Alasan kedua adalah aktivitas jual beli di pasar tradisional di Kota Kupang biasa dilakukan sejak pukul 03.00 WITA. Sehingga kebijakan masuk sekolah pukul 05.00 WITA dipandang perlu.
Ketiga, kajian geografis menyebut perputaran bumi saat ini begitu cepat dan matahari sudah terbit pada pukul 05.00 WITA.
Terkait hal itu, FSGI mendorong Pemprov NTT membatalkan kebijakan masuk sekolah pukul 5 pagi. “Jika diteruskan, kebijakan itu akan membahayakan tumbuh kembang anak,” kata Sekjen FSGI, Heru Purnomo dalam siaran pers yang diterima Suarakarya.co.id, Selasa (28/2/23).

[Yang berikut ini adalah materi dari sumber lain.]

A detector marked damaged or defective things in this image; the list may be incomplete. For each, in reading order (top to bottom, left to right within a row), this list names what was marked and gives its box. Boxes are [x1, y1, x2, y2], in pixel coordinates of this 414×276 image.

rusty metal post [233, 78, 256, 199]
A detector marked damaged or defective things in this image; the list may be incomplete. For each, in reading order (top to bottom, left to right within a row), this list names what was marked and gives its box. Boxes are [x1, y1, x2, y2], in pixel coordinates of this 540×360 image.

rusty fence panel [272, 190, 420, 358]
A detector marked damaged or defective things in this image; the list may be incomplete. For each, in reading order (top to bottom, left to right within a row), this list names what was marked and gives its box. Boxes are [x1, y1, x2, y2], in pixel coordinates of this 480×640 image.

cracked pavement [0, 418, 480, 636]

Menurut Heru, kebijakan Pemprov NTT tersebut tidak melihat dari perspektif anak. Karena menyamakan sekolah regular dengan sekolah berasrama. Kehidupan anak disamakan dengan penjual pasar yang sudah beraktivitas sejak pukul 3 pagi.
Ketua Dewan Pakar FSGI, Retno Listyarti menambahkan, FSGI mengumpulkan pendapat sejumlah guru dan orangtua terkait kebijakan baru tersebut.

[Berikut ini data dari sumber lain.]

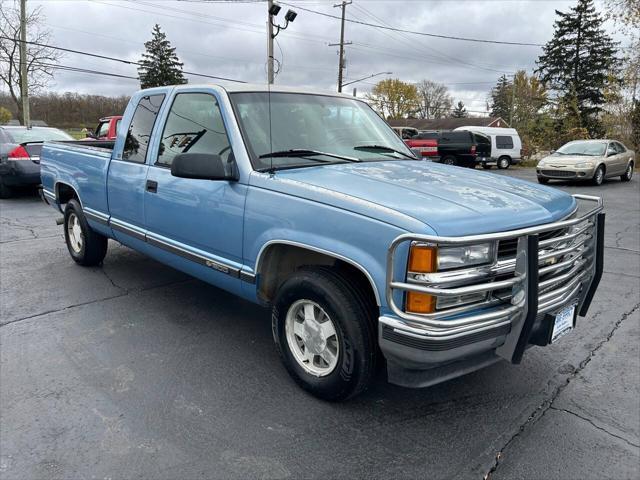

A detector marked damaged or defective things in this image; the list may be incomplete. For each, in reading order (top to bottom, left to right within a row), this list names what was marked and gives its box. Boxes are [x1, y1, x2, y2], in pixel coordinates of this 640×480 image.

“Hasilnya, banyak orangtua yang tidak setuju. Mulai dari faktor keamanan anak menuju sekolah, transportasi yang sulit di pagi hari, dan kesiapan orangtua di rumah dalam menyediakan sarapan dan pertimbangan kesehatan anak,” ujarnya.
Retno mengungkapkan, info yang diperolehnya menyebut kebijakan itu belum disosialisasi ke seluruh pendidik, hanya kepala sekolah. “Tentu saja kepala sekolah hanya manggut-manggut dan tidak berani membantah kebijakan Pemprov,” ujarnya.
Ditambahkan, ide kebijakan itu muncul saat Gubernur Viktor Bungtilu Laiskodat berkunjung ke Kantor Dinas Pendidikan Provinsi, pada Kamis (23/2/23). Pernyataan itu langsung ditindaklanjuti kepala dinas tanpa mendengar aspirasi dari guru, peserta didik maupun. orangtua.
“Sebenarnya banyak pendidik yang menolak kebijakan itu, karena dibuat tanpa kajian lebih dulu,” ujar Retno.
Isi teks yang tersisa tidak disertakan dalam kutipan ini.